Why I Haven’t Built an Aesthetic Notion Dashboard
Despite being obsessed with Notion and everything in it, I don’t spend a lot of time tinkering with my Notion dashboard. Other members of the Notion Wizard team swear by having a lean, mean, aesthetically pleasing dashboard, but I don’t buy it. Controversial, I know. But that’s because I live by the mantra: Spend less time saying and more time doing. When talking about Notion, I see altering my dashboard as a form of procrastination, drawing me away from what it is I should be working on. Remember: Function over form, not form over function.
I don’t need fancy buttons or bright colors to take me to my pages. All I need is a traditional link. I don’t need music to play as soon as I open up my Workspace. I have Spotify for that. All Notion is for me is a tool in my chest. I don’t open it up to relax, but rather to improve my workflow, create databases, manage my schedule and store files. No amount of color is going to speed up the amount of time it takes to work on the latest business plan I need to submit to an investor or organize my receipts to submit to the finance team for approval at the end of the month.

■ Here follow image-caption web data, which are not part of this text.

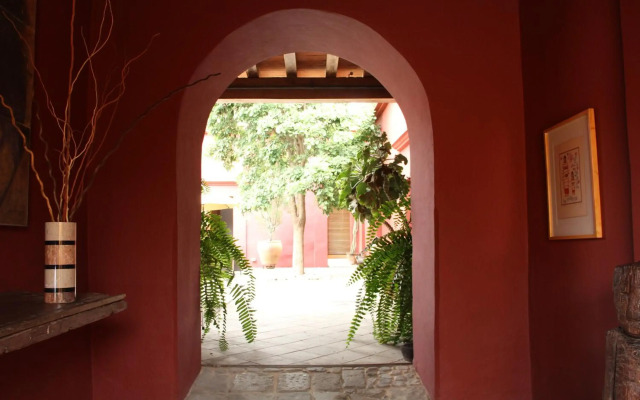 La Casona de Tita Oaxaca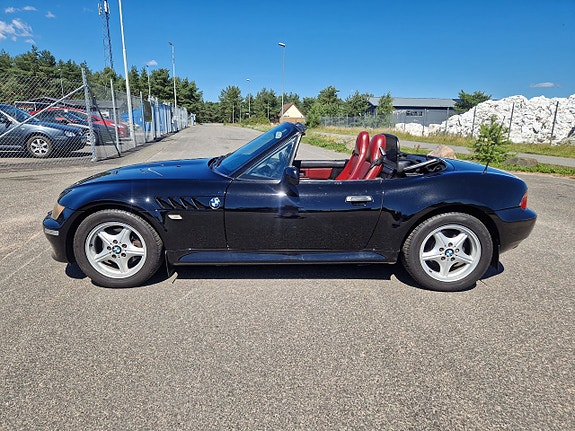 BMW Z3 5 of 5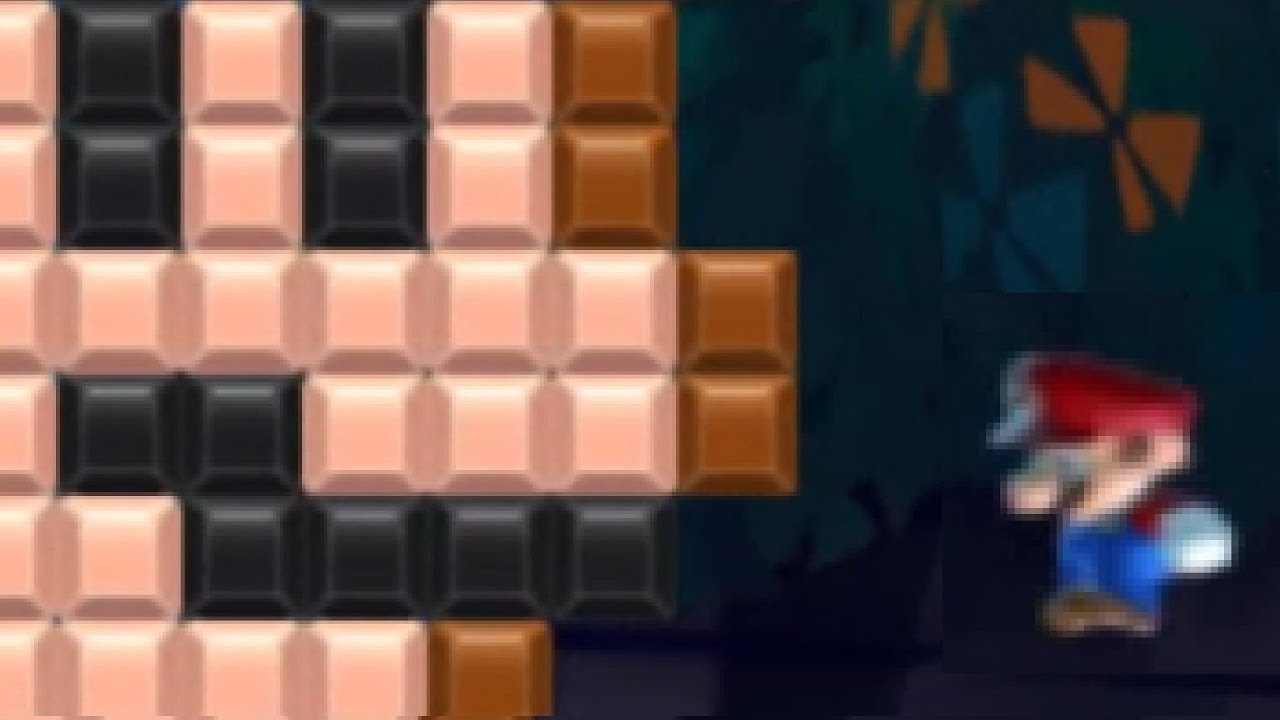 [TCRF] - Unused New Super Mario Bros. U Deluxe Levels - Part 8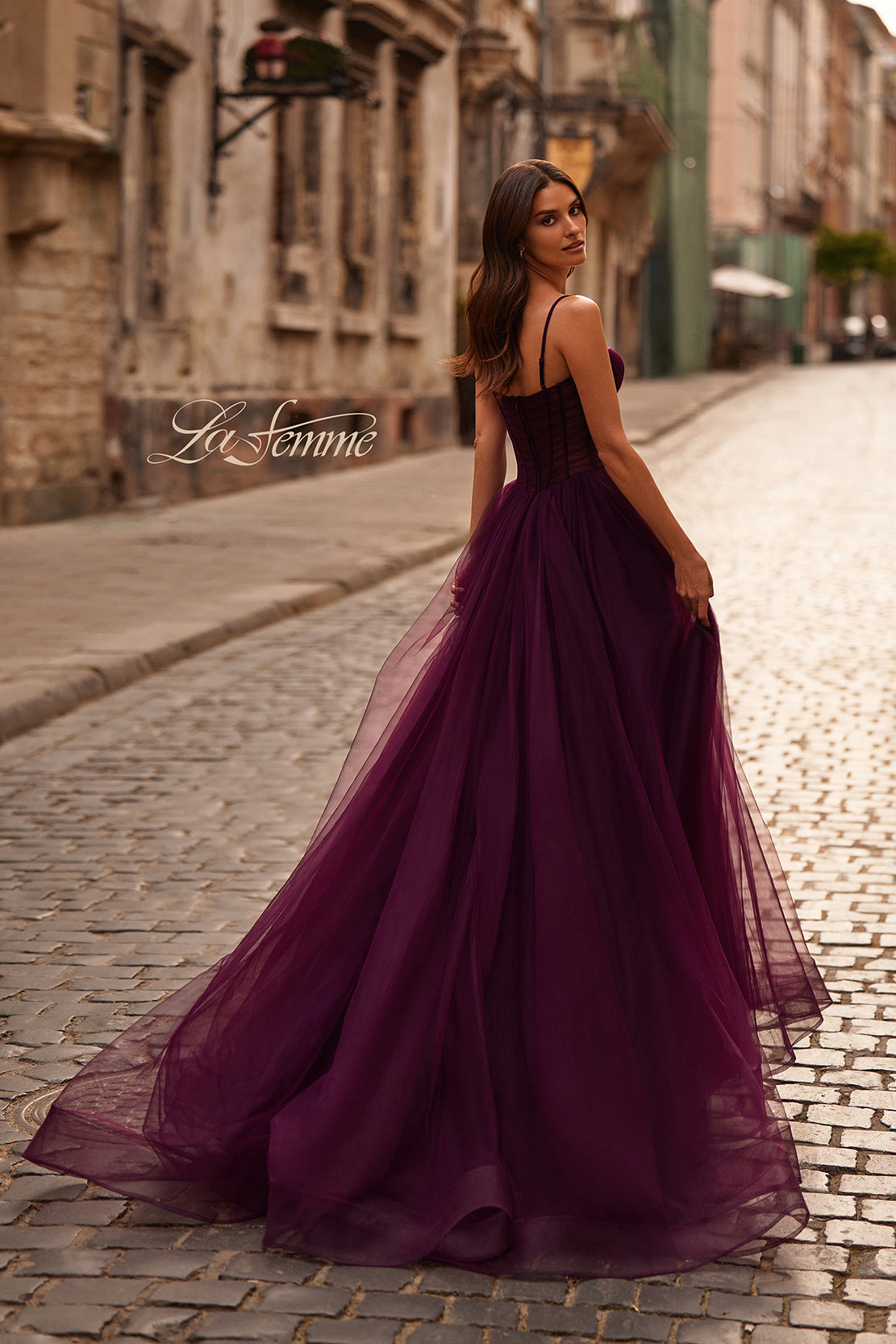 32700 - La Femme Dress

That’s not to say I don’t organize my Workspace, because I do. I still have a dashboard. It just isn’t magical — or aesthetic. It has what I need on it and where I need it. It just doesn’t look great. But it does the trick, and that’s all that matters. Of course, not everyone feels the same way as me. Some people need color to help them focus. There’s nothing wrong with that. I for one though am not buying into the aesthetic Notion templates craze that’s sweeping the internet and I’d urge you to consider whether it’s worth your time before you do too.